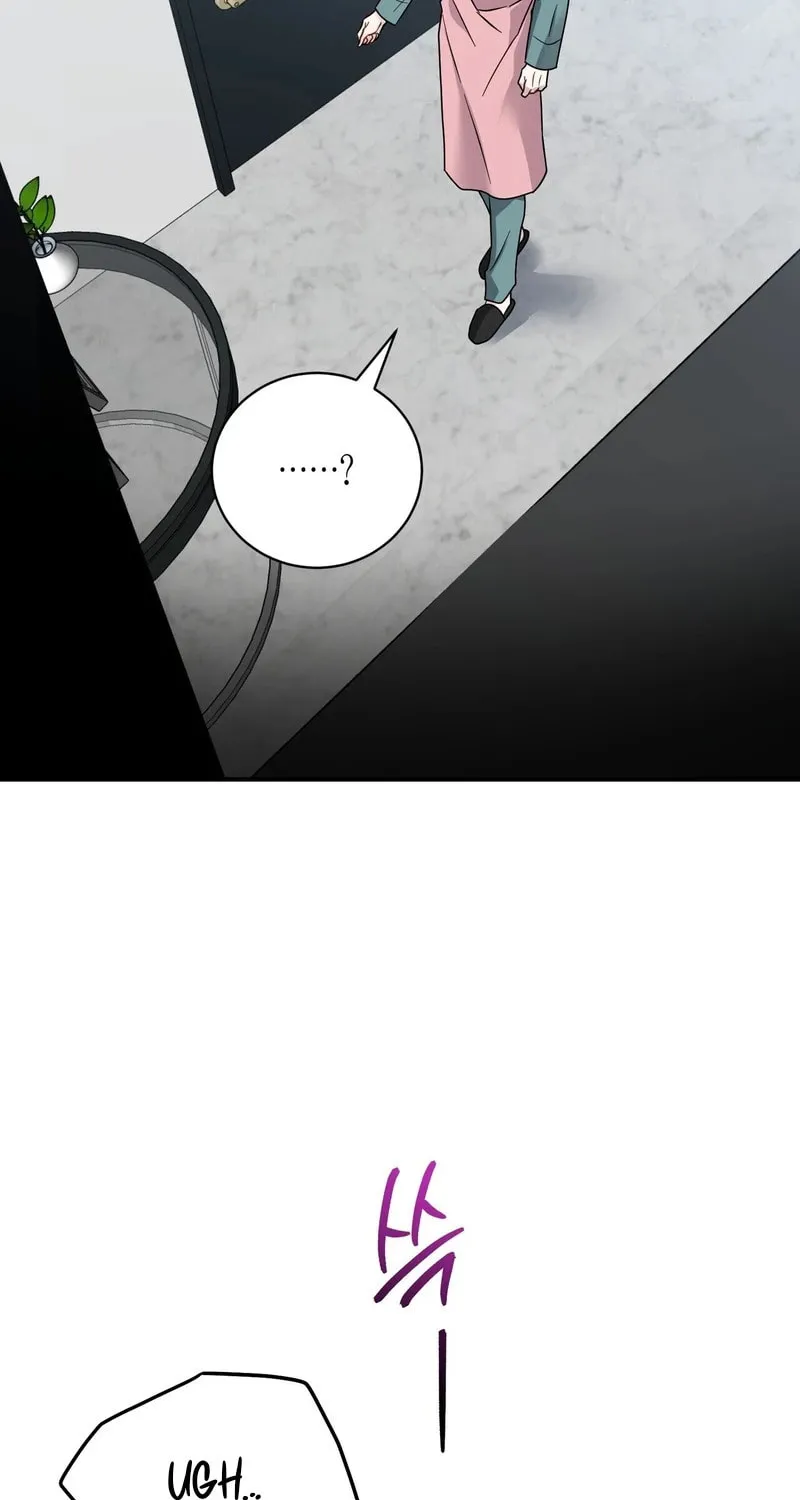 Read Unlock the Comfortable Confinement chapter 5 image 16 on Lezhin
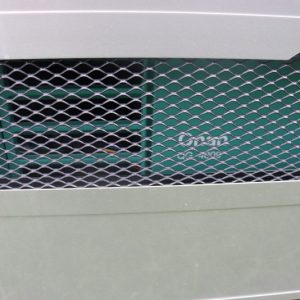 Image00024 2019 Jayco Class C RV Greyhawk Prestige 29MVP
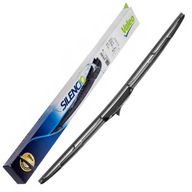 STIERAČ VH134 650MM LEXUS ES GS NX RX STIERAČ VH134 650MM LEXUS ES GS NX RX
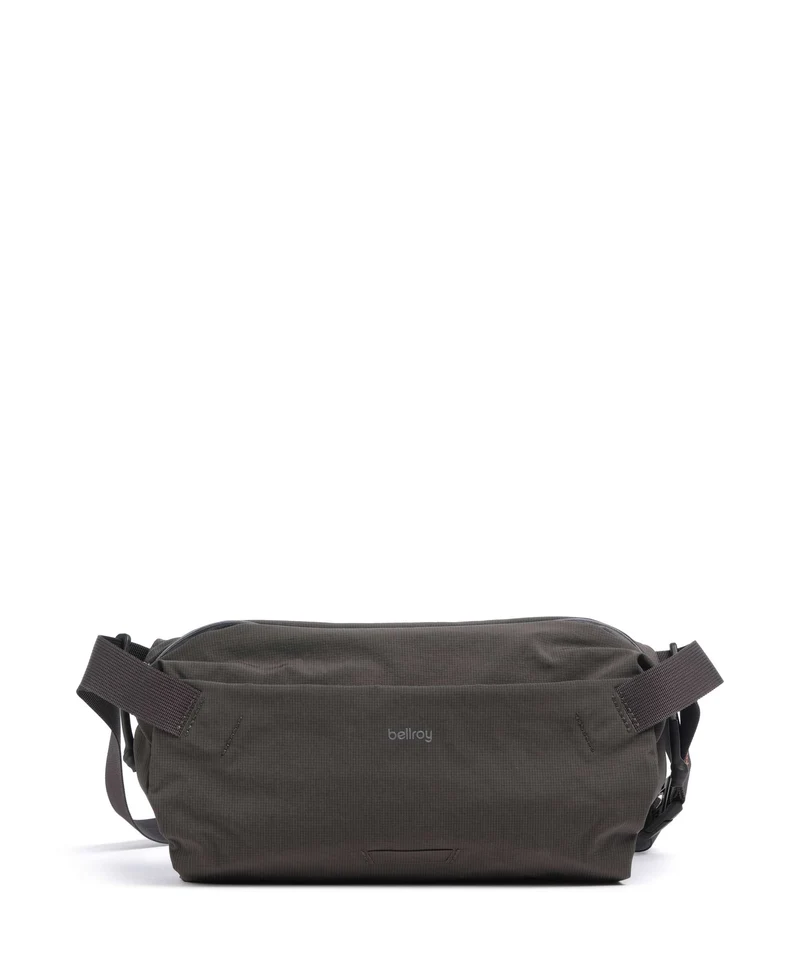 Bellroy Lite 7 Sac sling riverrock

+ + + +

§ Your goal
Restate word for word the lines from the one with "Image00024 2019 Jayco" to the end of the material, both included. Do not include the pictures.

§ Written answer
 Image00024 2019 Jayco Class C RV Greyhawk Prestige 29MVP
 STIERAČ VH134 650MM LEXUS ES GS NX RX STIERAČ VH134 650MM LEXUS ES GS NX RX
 Bellroy Lite 7 Sac sling riverrock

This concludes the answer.